You are viewing a plain text version of this content. The canonical link for it is here.

Posted to user@nutch.apache.org by Matthew Holt <mh...@redhat.com> on 2006/07/11 22:51:21 UTC

Re: Adddays confusion - easy question for the experts

Honda-Search Administrator wrote:
> Reader's Digest version:
> How can I ensure that nutch only crawls the urls I inject into the 
> fetchlist and not recrawl the entire webdb?
> Can anyone explain to me (in simple terms) exactly what adddays does?
>
> Long version:
> My setup is simple.  I crawl a number of internet forums.  This 
> requires me to scan new posts every night to stay on top of things.
>
> I crawled all of the older posts on these forums a while ago, and now 
> have to just worry about newer posts.  I have written a small script 
> that injects the pages that have changed or the new pages each night.
>
> When I run the recrawl script, I only want to crawl the pages that are 
> injected into the fetchlist (via bin/nutch inject).  I have also 
> changed the default nutch recrawl time interval (normally 30 days)  to 
> a VERY large number to ensure that nutch will not recrawl old pages 
> for a very long time.
>
> Anyway, back to my original question.
>
> i recrawled today hoping that nutch would ONLY recrawl the 3000 
> documents I injected (via bin/nutch inject).  I used depth of 1 and 
> left the adddays parameter blank (because I really can't get a clear 
> idea of what it does).

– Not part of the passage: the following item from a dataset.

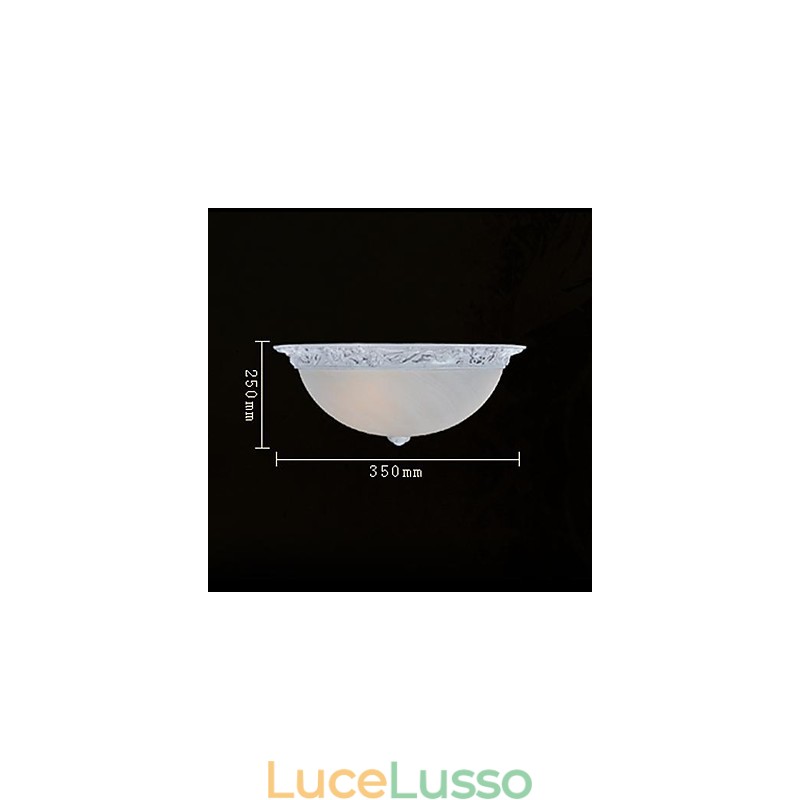 Lampada da soffitto bianca in vetro e resina intagliata classica europea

Depth of 1 is used because I only want to crawl 
> the URLs I have injected into the fetchlist and not have nutch go 
> crazy on other domains, documents, etc.  Using the regex-urlfilter I 
> have also ensured that it will only crawl the domains I want it to crawl.
>
> So my command looks something like this:
>
> /home/nutch/recrawl.sh /home/nutch/database 1
>
> my recrawl script can be seen here:  
> http://www.honda-search.com/script.html
>
> Much to my surprised Nutch is recrawling EVERY document in my webdb 
> (plus, I assume, the newly injected documents).  Is this because the 
> adddays variable is left blank?  Should I set the addays variable 
> really high?  How can I ensure that it only crawls the urls that are 
> injected?
>
> Can anyone explain what adddays does (in easy to understand terms?)  
> The wiki isn't very clear for a newbie like myself.
>
I was looking for similar info. The adddays option advances the clock 
however many days you specify. The default for page reindexing is 30 
days, so every 30 days the page will expire and nutch will reindex it. 
However, if you pass the param -adddays 31, it will advance the clock 31 
days and cause every page to be reindexed.

If you pass the param -adddays 27 and you have the default reindexing 
set to be 30 days, nutch will reindex all pages older than 3 days. 
Correct me if I'm wrong.
  Matt

Re: Adddays confusion - easy question for the experts

Posted by Chris Newton <ne...@radian6.com>.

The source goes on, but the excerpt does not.